Version | Target Timeframe | Features Included/Excluded
------- | ---------------- | ---------------------------
1.0     | Late Q3 2016     | SDP Version Management, Topology Definition, Failover Support for **p4d**, **p4broker**, Replication Normalization, Simplified Replica/Edge Server Setup
1.1     | Q4 2016    | Failover Support for **Swarm**
1.2     | Q4 2016    | Helix Component Status Visualization
1.3     | Q4 2016    | Status Monitoring
1.5     | Unscheduled      |Failover Support for **Git Fusion**

Feature Descriptions
---

* **SDP Version Management** - A necessary step on the path to successful automation across multiple machines is to solve basic version management challenges for the SDP itself.  Essentially, Perforce itself is used to version the SDP on all HMS hosts -- hosts on which any Perforce server process executes, be it a proxy, broker, master server, Swarm, P4Search, etc.  The familiar SDP `/p4/common` structure is managed on all hosts from a single server, the HMS server.  That server in turn uses Helix DVCS features to vastly simplify the process of updating the SDP from The Workshop, taking advantage of Perforce merging power to merge updates to the stock public SDP into the local environment, which will have customizations versioned locally.

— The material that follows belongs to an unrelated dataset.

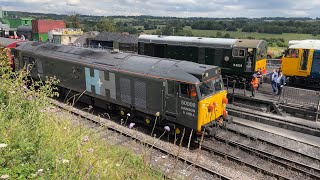 Class 50  438 4TC  50008 ‘Thunderer’  428  Hanson amp Hall  Mid Hants Railway  Ropley  120724 [upl. by Orelee]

* **Topology Definition** - HMS provides a data format to describe various aspects of Helix server components in use.

* **Failover Support for ...** - HMS will provide Scheduled and Unscheduled Failover for the specified components.

* **Replication Normalization** - HMS will not support all possible replication options.  Part of its value is that it will only the most useful replica types and usage options, based on Consulting experience working with customers, distilling the myriad potential options (all of which are useful in some context).  The normalization includes defining naming conventions for naming server specs that readily convey their usage.

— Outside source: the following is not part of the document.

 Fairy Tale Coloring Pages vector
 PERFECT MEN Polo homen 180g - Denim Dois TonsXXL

* **Simplified Replica/Edge Server Setup** - All the complexities of creating and seeding a replica are distilled down to a command something like this example, to create a forwarding replica:
  `mkrep.sh -t fr -s bos -r bos-helix-02`

HMS System Components (for HMS 1.0)
===

* SDP, on which HMS builds.  The SDP includes scripts to manage and synchronize many small details -- synchronizing of the initialization scripts, ensuring no unversioned changes to backup scripts go unnoticed, tracking changes to crontab files for the perfoce user, and much more.  This provides greater visibility to all the tiny details that matter and need to be considered when doing an upgrade.  Things like disabling crontabs for backups during mainteancne windows, and turning them back on later.

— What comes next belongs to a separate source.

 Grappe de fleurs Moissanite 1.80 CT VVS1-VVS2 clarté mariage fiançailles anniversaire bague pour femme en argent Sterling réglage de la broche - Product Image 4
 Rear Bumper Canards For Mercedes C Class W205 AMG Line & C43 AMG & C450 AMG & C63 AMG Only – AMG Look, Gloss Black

* A dedicated Helix Server that models the global topology, and knows every machine that contains Helix topology components of any kind, and knows about all the Helix Server _instances_ (or _data sets_).  The server will maintain an internal map of the global topology that can be updated from various Helix instances, each of which is aware of its own topology (maintained with **p4 server** specs).

* A broker, which adds new commands, e.g. **p4 hms start _fgs_**, **p4 hms failover _fgs_ -ha**', **p4 hms main start _fgs_**, and more).


* SSH Keys need to work.

Custom Extension
===
Failover in an enterprise environment may always involve some degree of customization.  HMS will capture everything that can be understood based on how the various Perforce software technologies work, and provide clear injection points for handling things likely to be topology-specific, such as redirecting traffic via DNS or Virtual IP changes.

Project Status
===
This Project has started active development in mid 2016.  As of August 4, 2016, it is in the design and early development phase.